Friday, July 28, 2017

Auto repair staff fixes cars after hours, then gives them away

Several months ago, a customer came into Knibbe Automotive Repair in Calgary with a problem. Her van needed some expensive brake work, and since her husband had recently left her and their three children, she was unsure how she'd pay for it. Compassion for the young mother's situation tugged at the hearts of several of the shop's mechanics. They volunteered their own money for parts and their own time after hours to implement the repairs.  

Since then, the shop has launched a unique give-back-to-the-community program. When a customer sells them a car cheaply, the mechanics work their magic. They donate their time and energy to do body work, tune-ups, and whatever repairs are needed to ensure the car is in good working condition. Then they post pictures of the car on their company Facebook page, and take nominations for folks who really need wheels but can't afford to buy a car. Once chosen, the lucky recipient gets a fully serviced car, free of charge, no strings attached. The shop even throws in a free year of routine maintenance and repairs!

What do the mechanics and the shop get out of it? "It really just has to do with helping people out that just don't have the means to do it themselves either through money or time," managing partner Joe Kirk says. "If you can do that kind of thing, it's what you have to do as a decent human being."

Sunday, July 23, 2017

Stranger carries a frightened 100-pound dog across a boulder field

Amanda Bowler and some friends were hiking to Alaska's Reeds Lake last weekend. Accompanying them was a friend's 100-pound Bull Mastiff named Bocephus. All was going fine until, about 2/3 of the way through the hike, Bocephus had 'a colossal meltdown.' Frightened, he hunkered down and refused to move. To make matters worse, a couple of passing hikers told of an aggressive grizzly which had terrorized hikers and their dogs near the lakes earlier that day.

The three young women knew they had to move on so they urged the dog forward. Bocephus wouldn't budge. They tried to carry him, even pass him between them hot potato style as they walked. They didn't make it far before the struggle became too great.

A second small group of hikers noticed their problem and approached. One of them, later identified as Ryan Pepp with the US Army in Anchorage, took off his own pack and slung Bocephus around his shoulders. Pepp then carried the dog across the boulder field until they reached a spot where the dog could continue safely on his own.

Friday, July 21, 2017

Teen raises funds, makes sunscreen available at county pools

As part of a school project, 16-year-old Lynly Brennan researched tanning beds. She learned that wearing 30 SPF sunblock consistently reduces the risk of skin cancer by 80%. She also learned that the city of Boston had installed free sunscreen dispensers at its public pools. Inspired, she saw no reason why the county pools in her St. Louis Missouri area couldn't have them too.

So she set about raising funds. Brennan wrote letters to 40+ dermatologist, health professionals, city administrators, and pool patrons. A total of $1600 rolled in, allowing her to purchase and install sunscreen dispensers at all the public pools in her home county. With the free sunscreen so readily available, Brennan hopes people will be more likely to use it and reduce their cancer risk.

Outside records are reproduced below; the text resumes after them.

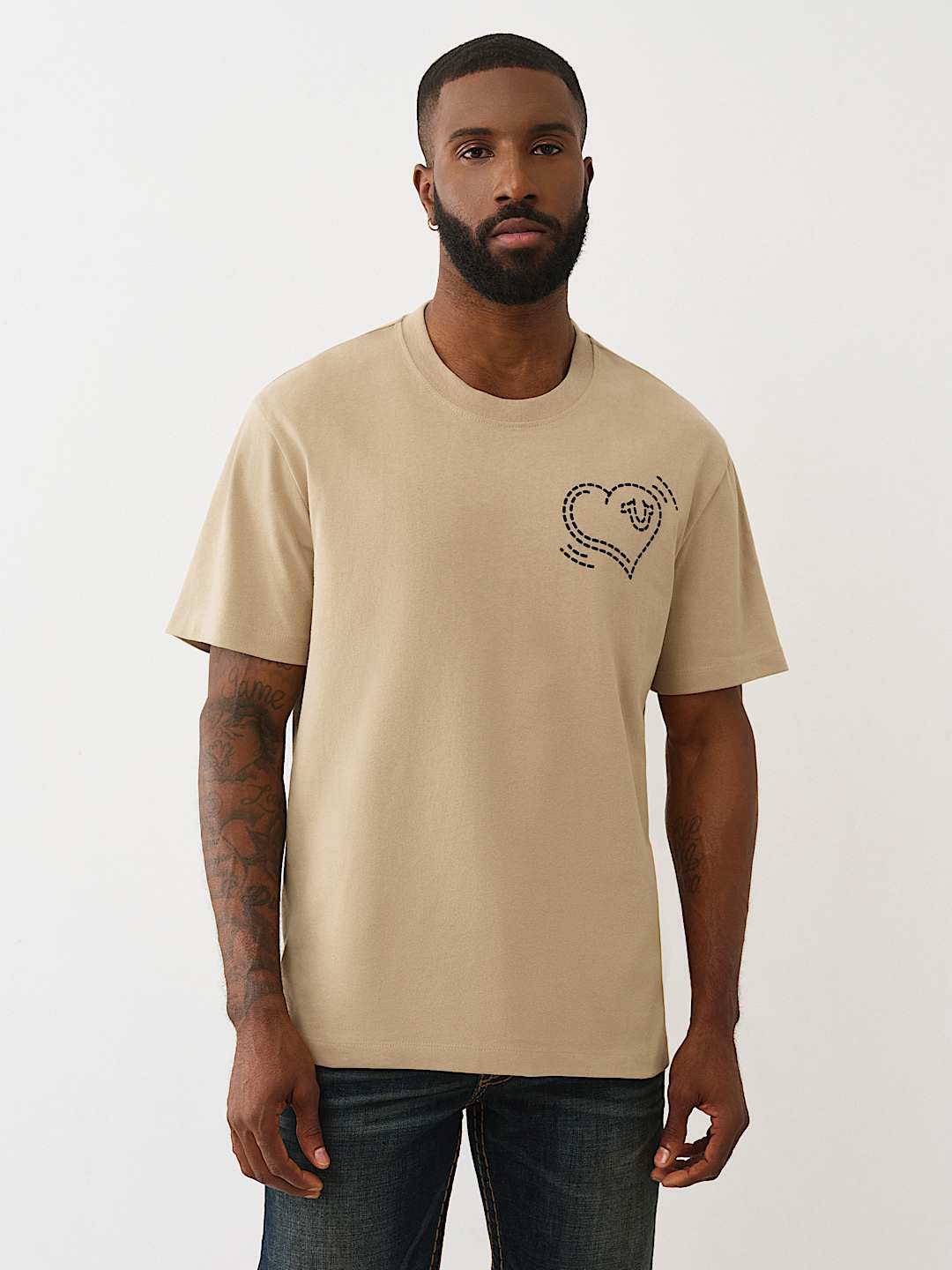 CAMISETA CON ESTAMPADO DE GATO EN RELIEVE, image 3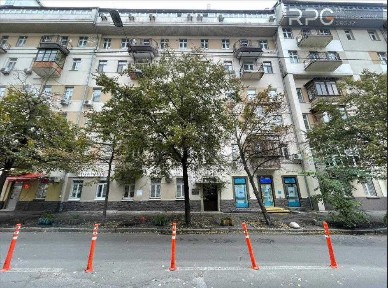 й поверх Урядовий кв Липська +ПАРКОМІСЦЯ +укриття +меблі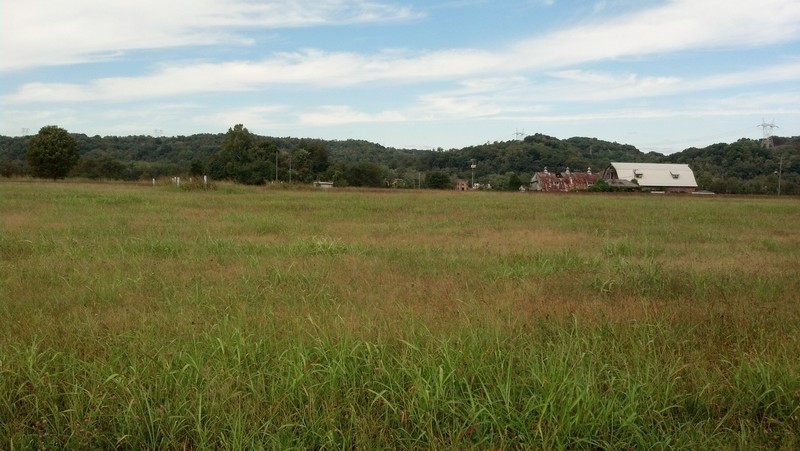 From Ohio River Road toward former Lakin Industrial School for Colored Boys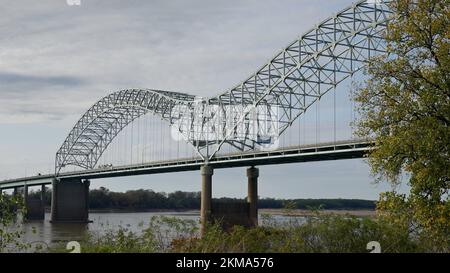 Hernando de Soto Brücke in Memphis über dem Mississippi River Stockfoto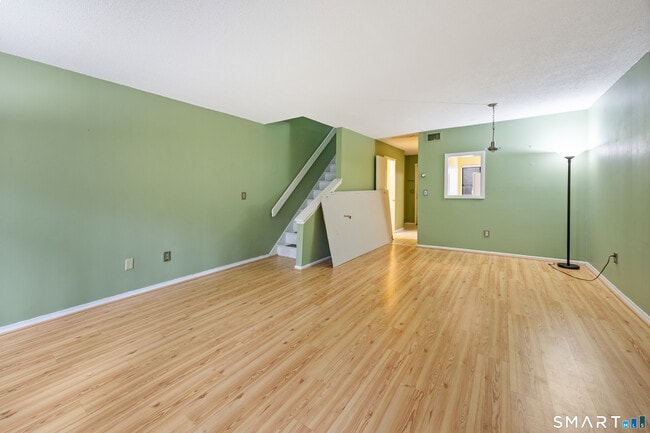 Building Photo - 5 Staunton Ct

Brennan identified a need, figured out how to fill that need, and then made it happen. Kudos.

Tuesday, July 18, 2017

Trenton Powerball winners invest in their community

Last May, Pearlie Mae Smith and her seven adult children won the Powerball jackpot - $429.6 million. They chose the cash payout, a cool $284 million which they split eight ways. Who among us hasn't dreamed of such luck? But Pearlie Mae doesn't call it luck. She says the numbers came to her through divine intervention. 
What these eight people have done with their windfall speaks to their individual and collective character. Instead of spending millions on yachts, extravagant vacations, etc., they created a charitable foundation. The Smith Family Foundation's theme is 'Sowing into the city of Trenton, one grant at a time, with love and dedication to our community.' 

They have provided funding for youth programs and scholarships, with an eye on long-term benefits for the community. They are committed to helping those in poverty, not through temporary fixes of food and shelter, but through job training so those affected can eventually care for themselves. The foundation hopes to partner with city organizations which share its vision - nothing less than the transformation of Trenton's image from a violent gang-run city into a city full of opportunity and hope. 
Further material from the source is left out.